Accompagnée de Joseph Mars, Alma explore sans relâche toutes les plantations de Saint-Domingue à la Nouvelle-Orléans, Elle est fermement décidée à retrouver son petit frère Lam dont elle sent la présence. Joseph, lui, veut retrouver La Douce Amélie et le précieux butin que ce navire négrier renferme. Leurs chemins se séparent donc, chacun étant porté par sa propre quête. Malgré ces itinéraires très différents, ils espèrent se retrouver un jour.
Citations "- Ne t'éloigne jamais, dit Luc à Alma en revenant vers le bac.
Il se force à continuer de sourire. Les hommes les suivent des yeux.
- Ici, tout est dangereux pour toi.
- Je n'ai pas peur, dit Alma. Je dois trouver mon frère.
- Je t'ai dit que je t'aiderais.
- Alors jetez-moi dans un bateau vers la Louisiane. Qu'est-ce qu'il y a de plus important ?
Alma n'a aucune idée de ce qu'est un trésor. Elle entend le pirate et Jo répéter ce mot. Ca ne vaudra jamais un homme abandonné dans son sang dans une cour, ni un petit frère qui l'attend quelque part. " p. 54-55
L'avis d'Histoire d'en lire
Il a fallu attendre plus d'un an pour poursuivre les aventures d'Alma. Après un premier tome coup de cœur, distingué par de très nombreux prix et critiques, cette suite était attendue avec impatience.
Un conte entre Amériques et Europe Alma : L'Enchanteuse reprend évidemment le type de narration du précédent tome Le Vent se lève. Bien que le récit se déroule au XVIIIe siècle, il est écrit au présent. Et Timothée de Fombelle poursuit les aventures d'Alma sous forme de conte. Il se permet de rompre la chronologie des événements pour, par exemple, revenir sur le passé d'un personnage et apporter des éléments qui permettent de le comprendre au moment où les faits se déroulent. Tout est intégré au récit, le lecteur ne se perd pas en flashbacks et reste attentif aux nombreux détails qui sont amenés.
Et c'est ainsi qu'on passe d'un continent à l'autre au gré de tous ces personnages que nous suivons : Alma bien sûr, Joseph Mars, Nao, Amélie Bassac, Jean Saint-Ange, Gabriel Cook, Cortès... Les destins se suivent, se croisent, s'éloignent, se rejoignent dans un ballet savamment orchestré. Selon les parcours des uns et des autres, nous sommes tantôt à Saint-Domingue, tantôt en Angleterre, tantôt à La Rochelle. On pourrait croire que tant de distance entre eux rompt les liens. Bien au contraire, le conteur déroule son fil petit à petit et raccroche tous ces éléments. Il y a ceux qui recherchent les proches perdus et d'autres avides d'un trésor qui a peut-être coulé avec le navire négrier qui le transportait.
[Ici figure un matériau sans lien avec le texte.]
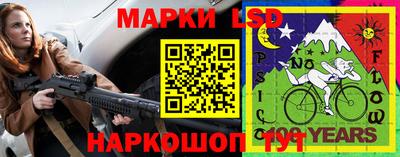 бошки Коммунар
L'esclavage au XVIIIe siècle
Alors que le premier tome s'était concentré sur l'organisation même de la traite négrière entre l'Afrique, l'Amérique et l'Europe, ce second tome développe les réalités de l'esclavage une fois que les esclaves ont rejoint les plantations pour lesquelles ils ont été vendus. Hommes et femmes travaillent du petit matin jusque tard le soir dans les champs de canne à sucre, de café ou de coton. Un travail harassant, en plein soleil. Les mères sont contraintes d'amener leurs nouveaux-nés et de les nourrir comme elles le peuvent.
Et pendant ce temps, les riches propriétaires blancs sont continuellement en quête des meilleurs rendements pour augmenter leurs bénéfices.
À côté de cette dure réalité, ce second opus aborde quelque chose de nouveau : en 1787 émerge petit à petit l'idée d'une abolition de l'esclavage, tout du moins en Angleterre, avec une figure importante à retenir, celle de Thomas Clarkson. L'homme est influent et compte bien diffuser ses idées ailleurs et notamment en France. À peine plus tard, début mai 1789, le roi Louis XVI convoque les États généraux à Versailles. La situation est de plus en plus critique dans le royaume et les derniers chapitres du roman rendent bien compte de ce pouvoir royal qui ne convainc plus.
Alma, elle-même, se rendra à la cour de Versailles et chantera devant le roi et la reine. Son chant, sa marque oko, émerveille quiconque l'entend et c'est ainsi qu'elle espère retrouver les siens, grâce à cette voix puissante, envoûtante.